• RECORDS SUPPLIED:
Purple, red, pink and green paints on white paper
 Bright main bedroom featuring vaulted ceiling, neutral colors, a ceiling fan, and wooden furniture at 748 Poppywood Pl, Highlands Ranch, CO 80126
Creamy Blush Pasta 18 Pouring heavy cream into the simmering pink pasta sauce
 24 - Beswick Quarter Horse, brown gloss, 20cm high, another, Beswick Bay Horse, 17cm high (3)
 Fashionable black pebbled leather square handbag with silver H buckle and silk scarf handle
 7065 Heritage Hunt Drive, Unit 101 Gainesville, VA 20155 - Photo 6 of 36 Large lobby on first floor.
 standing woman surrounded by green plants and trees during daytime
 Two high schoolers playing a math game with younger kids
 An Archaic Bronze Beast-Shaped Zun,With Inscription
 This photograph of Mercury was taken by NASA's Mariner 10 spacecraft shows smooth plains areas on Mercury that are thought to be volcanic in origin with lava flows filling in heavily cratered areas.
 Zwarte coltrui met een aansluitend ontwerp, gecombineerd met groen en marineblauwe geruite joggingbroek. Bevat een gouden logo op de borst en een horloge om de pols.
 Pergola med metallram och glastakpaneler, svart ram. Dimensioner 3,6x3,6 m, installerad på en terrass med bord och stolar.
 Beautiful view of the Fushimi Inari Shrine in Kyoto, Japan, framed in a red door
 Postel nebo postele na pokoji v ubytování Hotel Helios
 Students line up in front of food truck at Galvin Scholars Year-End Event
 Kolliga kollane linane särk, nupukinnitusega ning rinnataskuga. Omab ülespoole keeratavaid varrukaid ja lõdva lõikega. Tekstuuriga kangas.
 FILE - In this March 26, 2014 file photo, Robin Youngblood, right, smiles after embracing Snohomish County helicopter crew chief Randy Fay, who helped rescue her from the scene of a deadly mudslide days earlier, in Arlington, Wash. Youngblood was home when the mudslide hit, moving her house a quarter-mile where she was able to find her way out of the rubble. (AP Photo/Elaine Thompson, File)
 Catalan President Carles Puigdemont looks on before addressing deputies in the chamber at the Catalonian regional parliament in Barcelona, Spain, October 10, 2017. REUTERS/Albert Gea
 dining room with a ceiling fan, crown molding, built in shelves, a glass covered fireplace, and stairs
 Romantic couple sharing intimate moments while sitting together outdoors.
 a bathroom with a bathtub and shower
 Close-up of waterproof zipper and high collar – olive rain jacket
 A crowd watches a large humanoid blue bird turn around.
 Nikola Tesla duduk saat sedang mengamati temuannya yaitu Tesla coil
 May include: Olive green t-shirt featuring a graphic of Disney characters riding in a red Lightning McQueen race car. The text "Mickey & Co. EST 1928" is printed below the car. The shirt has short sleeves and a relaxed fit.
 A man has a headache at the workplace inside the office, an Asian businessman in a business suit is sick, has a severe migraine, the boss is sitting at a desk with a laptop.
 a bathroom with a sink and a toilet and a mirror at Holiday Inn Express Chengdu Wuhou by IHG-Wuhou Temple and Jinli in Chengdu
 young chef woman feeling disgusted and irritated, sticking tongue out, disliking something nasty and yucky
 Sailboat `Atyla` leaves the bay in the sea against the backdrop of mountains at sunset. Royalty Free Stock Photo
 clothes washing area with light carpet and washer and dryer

• TASK PROMPT:
For each line of the data that includes the word "pink", return a copy of it.

• RESULT OF THE TASK:
Purple, red, pink and green paints on white paper
Creamy Blush Pasta 18 Pouring heavy cream into the simmering pink pasta sauce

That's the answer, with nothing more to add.